Usually, when accessing memory allocated via cuMemAllocPitch as if it were a 2D array - each row is pitch-bytes in length, thus memory must be accessed something along the lines of: T* pElement = (T*)((char*)BaseAddress + Row * Pitch) + Column; (copy/pasted from docos)
And this has worked for me 100% of the time previously, and still works for me when using primitive types (unsigned char, unsigned int, unsigned long long, etc), HOWEVER - since CUDA 2.2, when accessing memory as if it’s not a primitive type (eg: T = uchar4), I have to access memory as if it’s NOT pitch linear, and the pitch is the actual width of the row, not the pitch… (Similarly, 2D textures to pitch linear memory (of all formats) for some reason have a width of their pitch, not the width specified in the texture - but that’s another problem for another day…)
For those who don’t like reading what I said, and prefer code…[codebox]// Note: ‘data’ for both of these functions is the same memory pointer
device void foo(uchar4 *data, unsigned int width_bytes, unsigned int pitch_bytes)
{
uint2 tid = make_uint2(threadIdx.x, threadIdx.y);
// Note: data is allocated as pitch linear memory - but accessing it as such as a uchar4 does not work as intended? why?

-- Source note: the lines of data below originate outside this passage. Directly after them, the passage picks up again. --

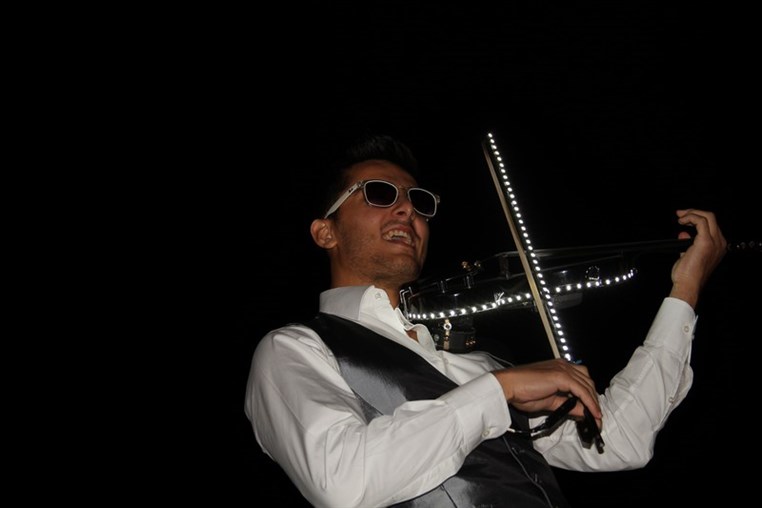 NDU SKYBAR Full Of Stars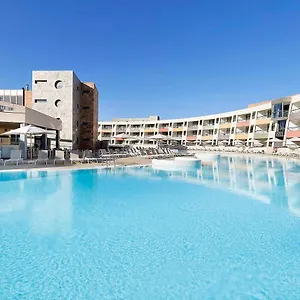 Resort Eurostars Salinas Caleta De Fuste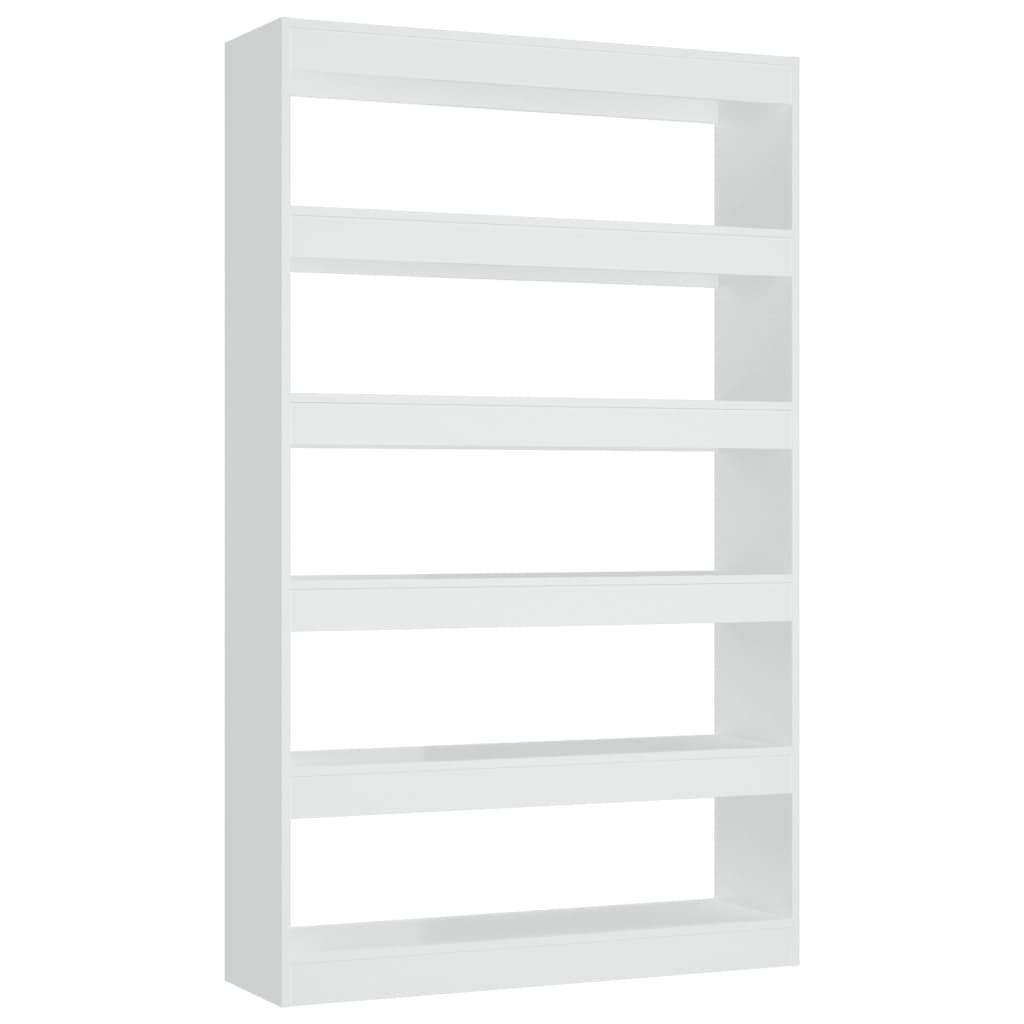 Bibliotecă/Separator Cameră, , 100X30X166 Cm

// Note: this used to work previously... not sure why it's changed.
uchar4 works = data[(tid.y * (width_bytes / 4)) + tid.x]; // should NOT work (but it does, and gets the correct pixels at [x,y])
uchar4 breaks = data[(tid.y * (pitch_bytes / 4)) + tid.x]; // SHOULD work, getting the intended pixels at [x,y]
}
device void foo(unsigned int *data, unsigned int width_bytes, unsigned int pitch_bytes)
{
uint2 tid = make_uint2(threadIdx.x, threadIdx.y);
// Note: data is allocated as pitch linear memory - accessing it as such does as an unsigned int DOES work as intended… as expected!
unsigned int breaks = data[(tid.y * (width_bytes / 4)) + tid.x]; // should NOT work (and doesn't work, yay)
unsigned int works = data[(tid.y * (pitch_bytes / 4)) + tid.x]; // SHOULD work (and does work, yay again)
}[/codebox]
I’m hoping this is a driver bug, otherwise my understanding of CUDA has flipped upside down since 2.2 :\
(Also note, uchar4 is 4bytes, as is an unsigned int, when compiling with nvcc/msvc/gcc/whatever - so my hard-coded 4’s are valid in this case)
Edit: I’m less convinced this is to do with the fact I’m accessing the data as uchar4 now, as I’ve been able to replicate the same issue with unsigned int now… Somewhere between allocating the memory (cuMemAllocPitch, returning a pitch not equal to the width bytes) - and my kernels, the memory somehow lost it’s pitch, if that’s even possible…